Return all lines of the data in which the string "Photo" occurs.

[Web page caption snippets]
------------------------------

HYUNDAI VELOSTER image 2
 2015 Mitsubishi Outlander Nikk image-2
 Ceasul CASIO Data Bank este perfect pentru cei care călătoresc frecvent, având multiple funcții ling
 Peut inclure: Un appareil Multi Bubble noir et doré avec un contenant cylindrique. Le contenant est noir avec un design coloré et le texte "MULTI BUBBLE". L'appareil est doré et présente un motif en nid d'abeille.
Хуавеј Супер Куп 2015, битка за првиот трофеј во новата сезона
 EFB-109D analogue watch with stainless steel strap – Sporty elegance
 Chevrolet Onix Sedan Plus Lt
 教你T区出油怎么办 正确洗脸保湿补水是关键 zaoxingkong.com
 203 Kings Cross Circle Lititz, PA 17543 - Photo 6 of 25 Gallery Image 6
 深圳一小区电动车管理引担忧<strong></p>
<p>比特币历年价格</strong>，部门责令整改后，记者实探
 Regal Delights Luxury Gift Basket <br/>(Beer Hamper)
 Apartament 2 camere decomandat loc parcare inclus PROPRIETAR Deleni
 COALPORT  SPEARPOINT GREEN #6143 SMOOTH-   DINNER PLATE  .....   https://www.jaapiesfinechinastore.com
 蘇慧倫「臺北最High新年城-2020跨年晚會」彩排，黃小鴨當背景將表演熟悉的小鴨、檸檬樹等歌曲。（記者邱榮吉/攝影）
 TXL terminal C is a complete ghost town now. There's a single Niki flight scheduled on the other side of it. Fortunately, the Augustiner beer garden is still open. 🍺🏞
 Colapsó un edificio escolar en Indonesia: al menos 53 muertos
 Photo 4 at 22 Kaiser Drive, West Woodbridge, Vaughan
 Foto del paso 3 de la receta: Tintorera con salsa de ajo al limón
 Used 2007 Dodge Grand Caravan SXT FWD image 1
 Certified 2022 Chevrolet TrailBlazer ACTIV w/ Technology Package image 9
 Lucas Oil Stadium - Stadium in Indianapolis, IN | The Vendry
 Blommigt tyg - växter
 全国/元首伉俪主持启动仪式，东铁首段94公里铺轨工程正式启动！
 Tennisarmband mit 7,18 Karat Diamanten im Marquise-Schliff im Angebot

------------------------------

## [Reply]
 203 Kings Cross Circle Lititz, PA 17543 - Photo 6 of 25 Gallery Image 6
 Photo 4 at 22 Kaiser Drive, West Woodbridge, Vaughan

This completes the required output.